Однажды грязная лапа революции протянулась к чистой детской душе, к нетронутым жизнью юношам…

Закрылись двери родимого гнезда, и никто не знает, скоро ли наступит вновь та весна, когда оно выпустит первую стайку своих птенцов на морской простор.

В октябре 1913 г. состоялось назначение вице-адмирала А. И. Русина начальником Главного морского штаба. Вместо него директором Морского корпуса был назначен контр-адмирал[82] В. А. Карцов.

А. И. Русин пользовался вполне заслуженной любовью и уважением своих воспитанников, поэтому появление молодого, энергичного, со своими идеями на уме контр-адмирала Карцова встретило молчаливое недоверие и даже противодействие всем начинаниям. А их было много — началась коренная ломка всей системы воспитания, но, увы, адмирал не сумел дать себя понять и оценить.

Один за другим уходили старые, давно оторвавшиеся от флота воспитатели. Дисциплина вводилась железной рукой, не один виновный вылетел во 2-й Балтийский[83]. Подходил конец вольности дворянской. За пустячный бенефис месяцами всей ротой высиживали без отпуска. Редко пустовали карцеры, и стройными шеренгами тянулись стоявшие под винтовкой.

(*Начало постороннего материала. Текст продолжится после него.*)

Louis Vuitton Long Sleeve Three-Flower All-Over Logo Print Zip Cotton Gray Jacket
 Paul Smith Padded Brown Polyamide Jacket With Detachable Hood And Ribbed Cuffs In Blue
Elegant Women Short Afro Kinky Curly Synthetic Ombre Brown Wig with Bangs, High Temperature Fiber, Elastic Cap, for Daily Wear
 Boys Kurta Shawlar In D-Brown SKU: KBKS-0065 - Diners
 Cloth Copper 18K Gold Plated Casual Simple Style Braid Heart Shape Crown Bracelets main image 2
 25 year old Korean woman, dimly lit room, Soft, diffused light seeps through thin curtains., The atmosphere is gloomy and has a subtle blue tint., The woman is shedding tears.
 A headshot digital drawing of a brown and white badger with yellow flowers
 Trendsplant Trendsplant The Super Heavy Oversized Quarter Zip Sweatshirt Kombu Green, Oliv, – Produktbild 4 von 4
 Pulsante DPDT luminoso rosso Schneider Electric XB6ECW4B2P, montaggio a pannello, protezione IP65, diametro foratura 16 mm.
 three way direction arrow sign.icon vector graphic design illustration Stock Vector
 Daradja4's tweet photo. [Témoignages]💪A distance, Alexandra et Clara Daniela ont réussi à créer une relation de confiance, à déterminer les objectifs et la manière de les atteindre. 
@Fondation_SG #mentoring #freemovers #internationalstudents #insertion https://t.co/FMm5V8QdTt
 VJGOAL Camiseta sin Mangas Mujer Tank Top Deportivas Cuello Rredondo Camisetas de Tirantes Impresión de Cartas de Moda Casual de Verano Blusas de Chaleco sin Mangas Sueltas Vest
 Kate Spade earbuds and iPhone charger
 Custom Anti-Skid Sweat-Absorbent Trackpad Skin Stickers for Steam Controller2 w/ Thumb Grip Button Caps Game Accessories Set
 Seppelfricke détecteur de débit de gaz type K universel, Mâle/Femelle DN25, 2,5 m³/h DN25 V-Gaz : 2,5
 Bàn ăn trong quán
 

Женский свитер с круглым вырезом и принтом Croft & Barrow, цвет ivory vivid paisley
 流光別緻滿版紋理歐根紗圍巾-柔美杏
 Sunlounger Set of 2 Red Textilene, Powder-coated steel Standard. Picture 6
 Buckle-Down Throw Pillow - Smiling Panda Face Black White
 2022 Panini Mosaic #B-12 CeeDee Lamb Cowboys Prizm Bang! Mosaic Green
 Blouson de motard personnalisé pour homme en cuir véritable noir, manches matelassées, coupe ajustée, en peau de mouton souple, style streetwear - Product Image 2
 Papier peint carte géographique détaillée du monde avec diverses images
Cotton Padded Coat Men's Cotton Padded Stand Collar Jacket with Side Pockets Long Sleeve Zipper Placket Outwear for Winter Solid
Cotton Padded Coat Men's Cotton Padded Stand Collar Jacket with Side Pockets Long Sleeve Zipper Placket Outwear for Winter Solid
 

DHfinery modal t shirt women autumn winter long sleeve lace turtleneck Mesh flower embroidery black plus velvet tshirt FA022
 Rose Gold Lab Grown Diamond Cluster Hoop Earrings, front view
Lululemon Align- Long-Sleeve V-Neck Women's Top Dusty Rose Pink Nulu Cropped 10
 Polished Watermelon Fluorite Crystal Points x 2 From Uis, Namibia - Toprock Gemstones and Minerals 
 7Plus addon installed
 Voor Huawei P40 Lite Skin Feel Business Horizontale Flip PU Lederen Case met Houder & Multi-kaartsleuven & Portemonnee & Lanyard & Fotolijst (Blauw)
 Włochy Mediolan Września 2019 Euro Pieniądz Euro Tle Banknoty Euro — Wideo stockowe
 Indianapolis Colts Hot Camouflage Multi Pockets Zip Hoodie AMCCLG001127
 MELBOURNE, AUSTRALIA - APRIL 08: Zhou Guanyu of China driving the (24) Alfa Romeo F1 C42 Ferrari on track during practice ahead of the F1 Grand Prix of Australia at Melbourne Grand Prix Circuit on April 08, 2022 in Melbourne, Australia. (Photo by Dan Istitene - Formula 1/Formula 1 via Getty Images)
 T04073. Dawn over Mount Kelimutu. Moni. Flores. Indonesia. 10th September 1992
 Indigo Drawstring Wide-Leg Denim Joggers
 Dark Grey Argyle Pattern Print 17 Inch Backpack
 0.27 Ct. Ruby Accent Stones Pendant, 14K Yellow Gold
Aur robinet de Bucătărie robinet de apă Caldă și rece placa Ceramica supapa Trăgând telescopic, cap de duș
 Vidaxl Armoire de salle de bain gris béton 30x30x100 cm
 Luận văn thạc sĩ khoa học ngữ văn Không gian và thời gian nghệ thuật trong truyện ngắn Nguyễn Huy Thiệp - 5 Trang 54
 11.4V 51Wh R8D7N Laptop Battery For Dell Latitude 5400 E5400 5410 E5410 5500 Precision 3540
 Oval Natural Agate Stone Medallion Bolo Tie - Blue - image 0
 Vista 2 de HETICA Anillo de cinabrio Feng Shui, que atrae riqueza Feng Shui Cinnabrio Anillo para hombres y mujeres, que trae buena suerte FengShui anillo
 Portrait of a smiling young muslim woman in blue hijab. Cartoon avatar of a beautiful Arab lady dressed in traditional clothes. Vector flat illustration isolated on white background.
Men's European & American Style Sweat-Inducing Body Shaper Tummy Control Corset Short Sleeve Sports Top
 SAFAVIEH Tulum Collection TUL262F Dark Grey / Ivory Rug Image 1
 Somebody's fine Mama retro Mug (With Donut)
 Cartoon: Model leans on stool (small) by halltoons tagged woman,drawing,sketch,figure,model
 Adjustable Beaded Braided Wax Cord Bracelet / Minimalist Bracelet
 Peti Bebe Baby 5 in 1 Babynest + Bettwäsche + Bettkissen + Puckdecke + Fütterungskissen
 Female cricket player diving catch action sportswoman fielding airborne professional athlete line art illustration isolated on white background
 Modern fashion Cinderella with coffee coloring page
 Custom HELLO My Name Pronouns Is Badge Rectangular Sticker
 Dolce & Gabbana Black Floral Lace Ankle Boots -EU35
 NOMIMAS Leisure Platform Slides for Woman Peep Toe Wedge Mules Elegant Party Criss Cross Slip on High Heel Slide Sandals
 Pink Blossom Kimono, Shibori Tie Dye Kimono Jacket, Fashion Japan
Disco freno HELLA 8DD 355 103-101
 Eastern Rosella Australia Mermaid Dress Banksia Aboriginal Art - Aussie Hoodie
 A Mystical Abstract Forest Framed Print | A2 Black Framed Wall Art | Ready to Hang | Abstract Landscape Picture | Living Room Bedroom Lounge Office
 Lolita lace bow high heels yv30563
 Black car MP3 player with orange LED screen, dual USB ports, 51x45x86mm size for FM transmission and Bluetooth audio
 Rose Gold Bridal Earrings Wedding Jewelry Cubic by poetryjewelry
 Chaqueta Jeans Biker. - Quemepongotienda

Не мне судить о насущных реформах, произведенных адмиралом; они были в свое время оценены, и 6-го ноября 1916 года вторая пара орлов украсила плечи энергичного начальника, тогда уже Морского его императорского высочества наследника цесаревича училища.

Прошло более трех лет, прежде чем глаза наши раскрылись и мы, увидев нашего адмирала в его истинном свете, научились его уважать; но было уже поздно…

Бесшумно подкралась революция; был февраль 1917 г. В субботу, 25-го числа, не успевшие еще уйти в отпуск были неприятно поражены и взбудоражены приказанием начальника Училища прекратить отпуск воспитанников.

Тихо прошли суббота и воскресенье. 27-го, как всегда, нормально начались занятия. Часов около 6 горнисты заиграли большой сбор. Час необычный, но казалось, что все ждали этот сигнал, так взвинтилось у всех настроение за последние дни.

Торопясь, наскоро накидывая подсумки и разбирая винтовки, роты строились на ходу и, не успели горнисты пробежать все помещения, как из всех дверей стали вливаться они в столовый зал.

Стукнула последняя рота прикладами, и тотчас же раздалось неподражаемое федоровское[84]:

— На прэво рэвнись!.. Смирнэ! Встреча с лева, шэй накрэ… ул!

Мы ожидали минимум морского министра, но в зал вошел только Карцов! Ни слова еще не было сказано, но чувствовалось, что это не прежний наш директор, разносящий без разбора и генерала Федорова, и несчастного кадетона, и зазевавшегося барабанщика, — грузный адмирал, который, казалось, своими руками вечно искал поручни мостика посередь Столового зала.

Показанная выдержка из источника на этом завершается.